In the area of already released products, there’s the Battalion line of gaming notebooks. Specifically, the Battalion Touch sub-line which features a single model now, but is about to receive a high powered big brother featuring an i7 processor. RuSE from UbiSoft will sport a multi-touch interface, and the Battalion line of Touch laptops is going to be first to market in supporting.
There’s also the recently released Chimera 2, which follows up the Chimera in the custom painted one price gets it all gaming rig. 3 models totaling 5 different primary configurations based on either AMD or Intel chipsets set this system apart as a powerhouse for desktop gaming systems.
Then there are the things that are still in the skunk works at iBUYPOWER; The LAN Warrior 2, a Xbox 360/PC Hybrid, and an item so secret, it still just has a codename.

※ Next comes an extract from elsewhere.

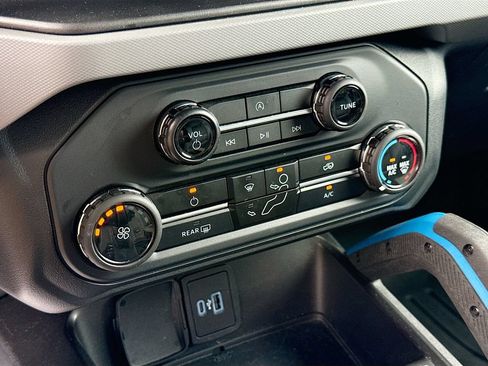 Used 2023 Ford Bronco Black Diamond AWD/4WD image 17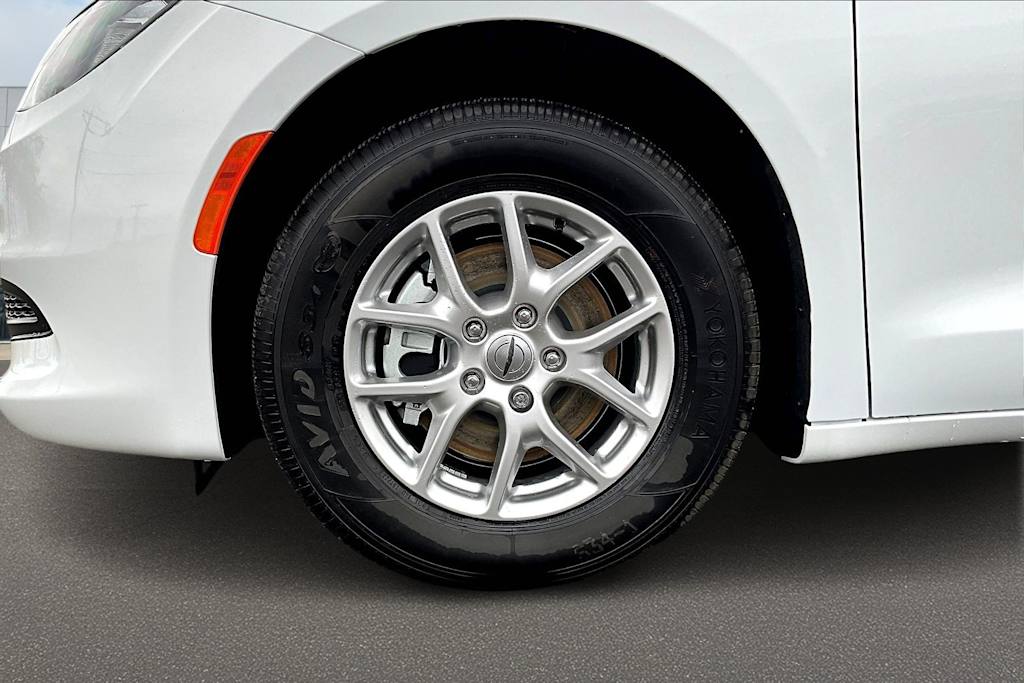 Thumbnail: 2025 Chrysler Voyager - 8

The LAN Warrior 2 is a complete redesign of the case from the original LAN Warrior. It’s very solid state, with a large handle for hauling it around. A vast improvement over the original if I may say so. There of course will be an increase in power, and it seems that everything that iBUYPOWER does is designed with liquid cooling as an option.
The 360 PC Hybrid is essentially a 360 and a PC merged into a single case. While it’s still so early in the prototype phase that it’s a one of a kind unit, there could be a nice market for this unit if iBUYPOWER is able to navigate the landmines of warranties and licensing.

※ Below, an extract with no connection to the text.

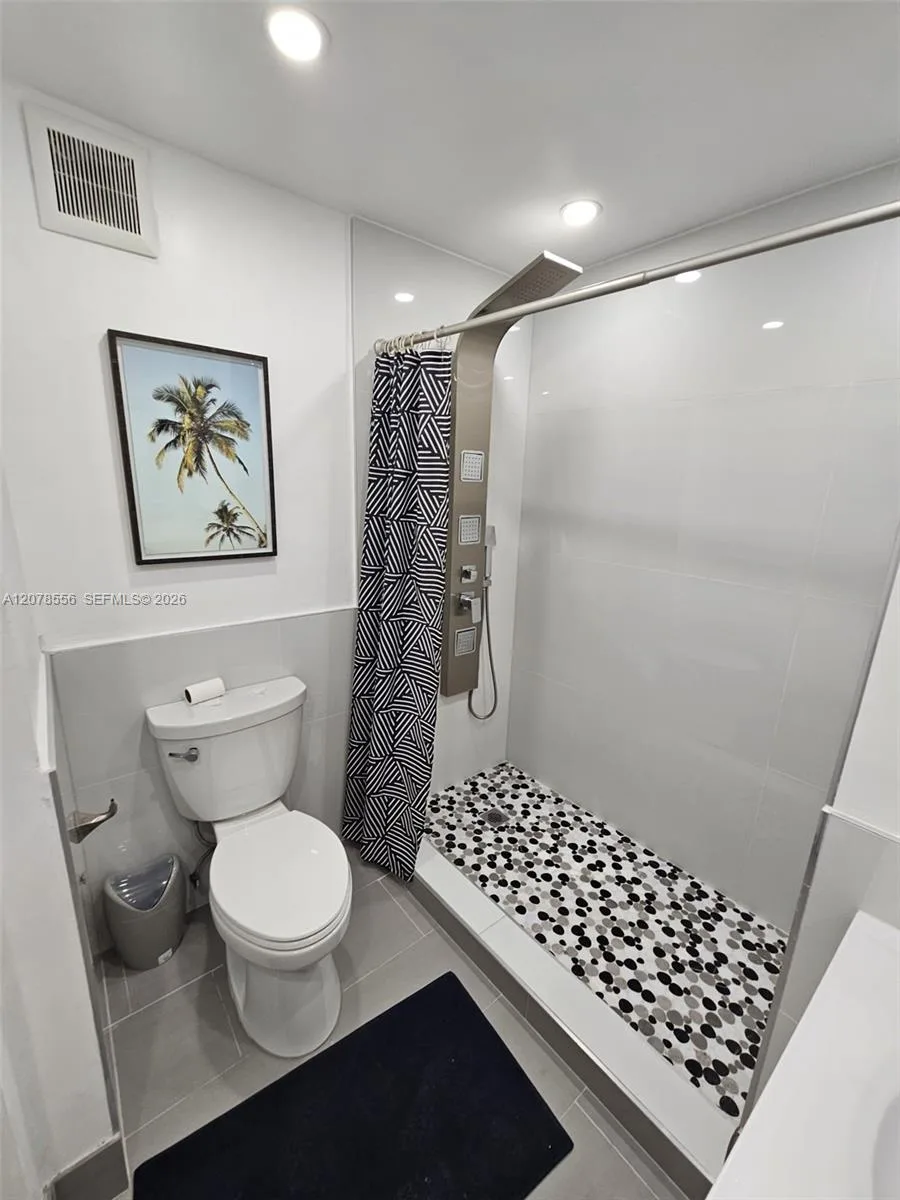 3605 Indian Creek Dr # 203, Miami Beach, FL 33140 photo 6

Finally, the codenamed project. My first thought was that the appropriate name for this unit is Darth Vader; It’s big, black, and pulsing with an evil red glow from inside. Designed from the ground up to support liquid cooling, it’s easily one of the largest desktop cases I’ve seen, rivaling the Level 10, and was reminiscent in size to the tower PC’s of the 80’s and 90’s. But that’s where any semblance of its forefathers ends. Even with massive video cards and the metalwork to support the liquid cooling they sport, there was a good 2 inches clearance between the video cards and the drive bays. The current prototype sports four 5.25” bays and four 3.5” bays, and it still seemed roomy. I provided a lot of description here, because photos weren't allowed.
There’s a lot more to cover, and we’re working on a review of one of the multi-touch notebooks following the show, so I can provide more details then.